A study by Saras D. Sarasvathy of the University of Virginia’s business school shows that serial entrepreneurs–people who have successfully started two or more companies–typically follow the same approach. And if it has worked for them, it may very well work for you.

That approach? It is one that we talked about before in a different context:

They really want to do what they set out to do. If you don’t have sufficient desire, you won’t give your best effort.

They begin by taking a small step toward their goal. Starting anything new is risky. You don’t want to move too far too fast. Everything you have probably read about entrepreneurs says they love risk. Nothing could be further from the truth.

After taking that small step, they stop to see what they have learned. Maybe they’ve learned their initial goal is still a good one. Maybe the market has told them they need to go in another direction. Maybe they’ve come to see that they don’t have the requisite desire anymore. The point is, after taking that first small step, they come to a complete stop and consider everything that has happened.
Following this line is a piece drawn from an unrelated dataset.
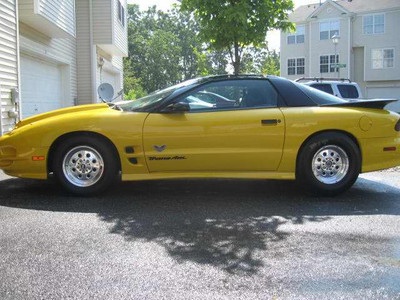 2002 Collectors Edition Trans Am Replica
Once they understand what they have learned, they take another small step and go through the cycle once again.

In other words, the “formula” for success is figuring out what you truly want to do. And once you know: Act. Learn. Build. Repeat.

What this means

Implicit in this approach is that your initial idea is going to morph over time, given what you learn in the marketplace. Initially, Howard Shultz had Italian opera playing as background music at Starbucks. Michael Dell began his company by doing nothing more than assembling IBM personal computer knockoffs. The best entrepreneurs don’t wait until their product or service is perfect. They get it “close enough” and launch. They change whatever it is they have to change as they go.

The key is to get started and follow the Act-Learn-Build approach.

It looks like this:

Take that small step toward your goal (“I am going to offer the best coffee I possibly can, within a retail environment that replicates as closely as possible what someone would experience if they went out for coffee in Italy”).

Stop and pause to see what you have learned from taking that small step (“People love the idea of an upscale coffee shop, but they hate the opera soundtrack. Let’s drop that, and maybe add some oversized comfortable chairs”).

Then repeat (“OK, the chairs were a success; what else can we add, and what should we take away?”).

Act. Learn. Build. Repeat. It is how just about every successful company we know was built.

And you always want to borrow from the best.